I like to use water that is pretty nasty (e.g., produced water with moderately high TDS, pH above 7.0, and minimal hydrocarbons) already because it can't get much nastier. I can usually return this water to where I got it.

If I start with city water, then it gets rusty, has disolved gases that mess up the test etc. Disposing of the red-looking water is often a big problem.

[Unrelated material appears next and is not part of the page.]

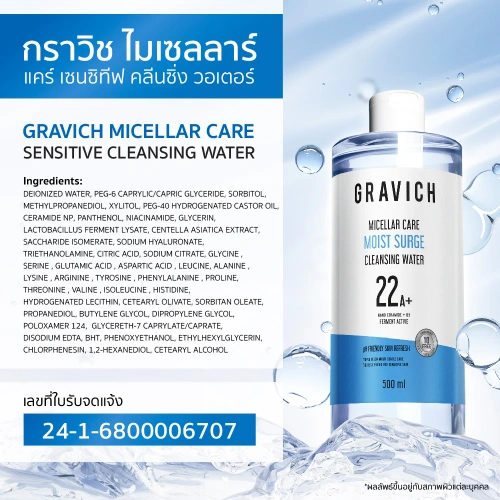 GRAVICH Micellar Care Sensitive Cleansing Water ​500ml фото 4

Water from lakes, rivers, ponds, bar ditches and other untreated sources always have bacteria which can yield corrosion problems, H2S generation and other really bad problems - and you can never put the water back into the river because it looks bad from the iron oxide you've washed off the pipe.

David
 
thanks for the quick reply,
my question is can we use salty water for hydrotesting? will it affect the oil flowlines?
the salt level is like 10 times as salt as sea water.

regards,
mishaal
 
I think the most important thing to look at is. How will impurities in the water effect the piping material I'm testing? If you are preparing a Hyrotest package for a client. Your client will most likely have a standard procedure which will provide you with all the information you need.

Good Luck!

Hench
 
Mishaal,
If you use very salty brine, you are asking for a world of problems. No matter how carefully you de-water the line, some of this stuff will get left behind and you have a very good chance that introducing oil will start corrosion cells (not to mention possibly pushing your oil out of spec for the refinery). Maybe not, but I wouldn't risk it.

I stop at a maximum TDS of 10,000 mg/l which is considerably less than sea water. I also make sure the water pH is more than 7.5. Occasionally I put in biocide, but then the water must be disposed of as a waste stream that can't go into an E&P disposal stream.

David
 
My suggestion is use De-mineralised water of PH say 9.5 for the hydrotest of lines.Salt water is not appreciable because after hydrotest u have to do Chemical cleaning on the line to give magnetite coating on the internal surfaces of the pipeline against corrosion.